Evaluation Setup
Sequence generation requiring multi-step reasoning
Benchmarks:
- Chain-of-Parities (Synthetic reasoning (Contextual blind cliff walk)) [New]
- GSM8k (Grade school math)
- MATH (Advanced math problems)
- GSM8k-Base-7 (Symbolic shift (numeric format change)) [New]
- GSM8k-Tensor-2 (Long-horizon reasoning (concatenated problems)) [New]
Metrics:
- Success Rate (Reward)
- Pass@1
- Statistical methodology: Not explicitly reported in the paper
Key Results
| Benchmark |
Metric |
Baseline |
This Paper |
Δ |
| Results on the synthetic 'Chain-of-Parities' task demonstrate the separation between AdaBack and baselines. While exact percentages aren't in the snippet, the text explicitly contrasts 'substantial reward' with failure. |
| Chain-of-Parities (L=16) |
Learning Outcome |
Fails to obtain meaningful rewards |
Reliably solves the task |
Success vs Failure
|
Main Takeaways
- Separation Result: There exists a class of problems (like Chain-of-Parities) where SFT fails (due to sample complexity) and RL fails (due to sparse rewards), but AdaBack succeeds.
- Backtracking works by converting a complex search (probability p^n) into n simpler sub-searches (probability p), enabling gradient-based learning to trace dependencies backwards.

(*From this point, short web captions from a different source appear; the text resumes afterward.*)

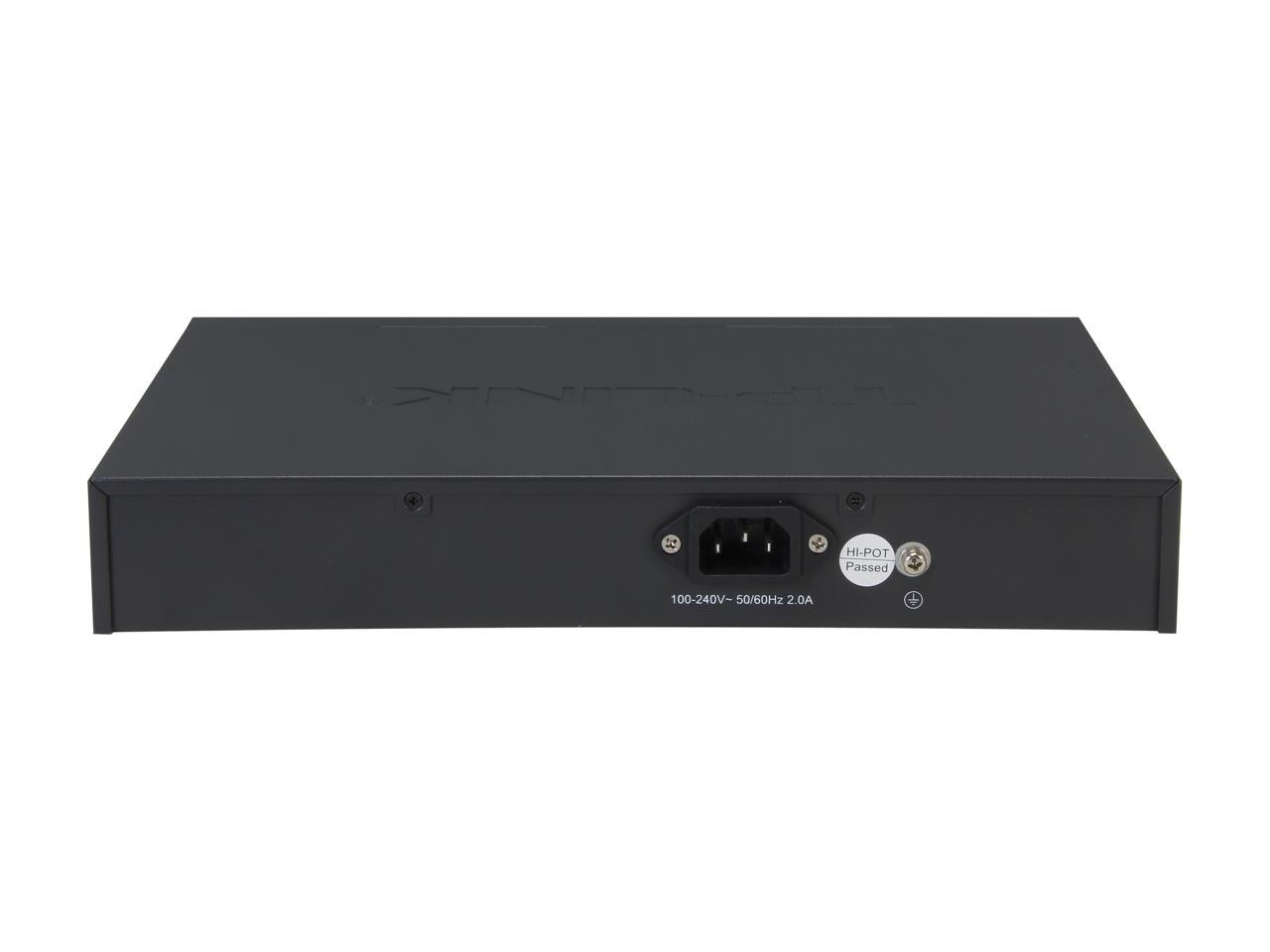 TP-LINK TL-SG1008PE 8-Port Gigabit POE Switch with 8-Port PoE, 802.3af/at, Up to 124W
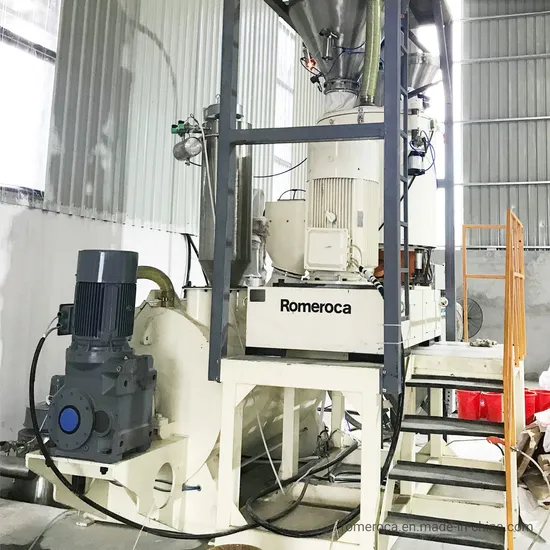 Romeroca Dry Powder Plastic Mixer Machine for Spc Click Flooring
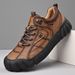 Men's Work Shoes Outdoor Casual Soft-Soled Toe-Protective Non-Slip Wear-Resistant Sports Hiking Shoes_vogvips.com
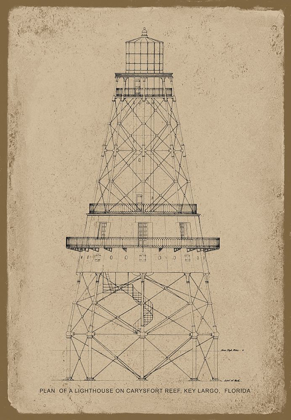 Picture of LIGHTHOUSE ARCHITECTURAL DRAWING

- AdaBack generalizes better to symbolic shifts (Base-7) and longer horizons (Tensor-2) compared to standard baselines, suggesting it learns robust reasoning operators rather than memorizing surface patterns.
- The method is less effective when the model is already highly competent (e.g., strong instruct-tuned models), as the 'guided exploration' benefit becomes redundant.